For one, one woman will keep the other woman in check as to the wild manipulative manner that many women have adopted as their tactical methodology of dealing with life and men. but with two women and one man, each woman will keep the other in check and limit the manipulations of each other. It will in an inadvertent way force each of them to be more honest and more sincere in how they deal with the man. It is for sure each woman will tell on the other, when they see each other trying to be maliciously manipulative toward the man.

Maybe because by nature, there are more women than men born everyday, two women and one many may be the master design, more than it is for there to be one man and one woman.

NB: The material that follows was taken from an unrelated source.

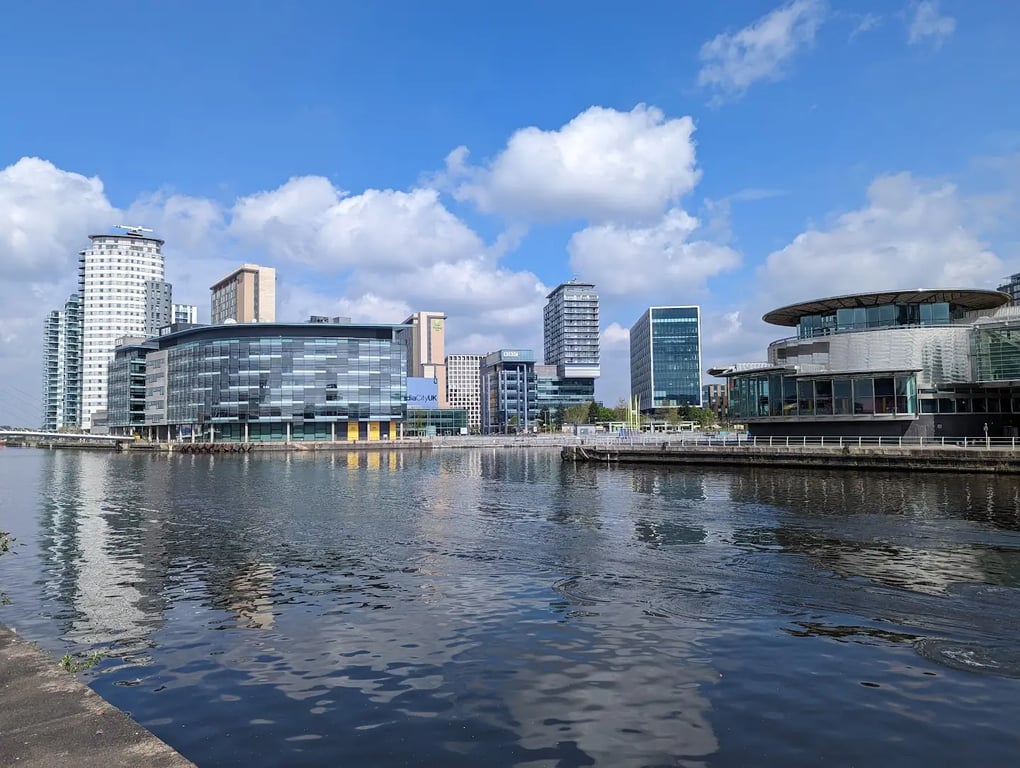 Lowry Centre, Salford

the real trip with men and women is reverse of what many in society think... it is not the man that must put the overly effort to win a woman, but a man has to keep a woman wanting to win him... because if he does not, she will take him for granted and become like a tyrant without constraints. It's not hard, all the man has to do is simply not become a push over to give her everything she whimsically thinks she wants.. Because many times she does not want it, she only wants to see how quick he will fall apart trying to give it to her.. And the minute she see's him going crazy trying to give her stuff, she will began to loose regard for him in a respectful manner, and see him as some source of convenience.

If there is no competitive atmosphere, women will quickly create one, because they like the conquest and the creation of situation where she can play the win/ loose game, where she is determined to win, even when she know she manufactured the situations.


beyondfantasy3 113M
4740 posts
3/6/2012 5:20 pm

homosexuals is often depicted as some situation of non stop entertaining atmosphere.. and people think it will suddenly make their life connected to this entertaining spin. Most women fashion advertisement is pushed to promote and subliminally depict female homosexuality, because for one many of the people who create the fashion and the fashion advertisement are homosexuals, so they sell and promote what their proclivity is. many people are sucked in by the portrayals, as well as the massive volume of media push of homosexuality. These designers and advertisers know they can generally sway women any way they want by how they depict and present media advertisements.
When advertisements depicted men and women and men and woman sharing and engaging with each other in the captions.. then women were more motivated and inclined to seek out men.. Many women are led like sheep by advertising, especially what they see in fashion magazines and women chasing women in movie depictions. once they engage sex, it become like a drug, because sxual habits and pleasure is and has its own forms of potential to be addictive.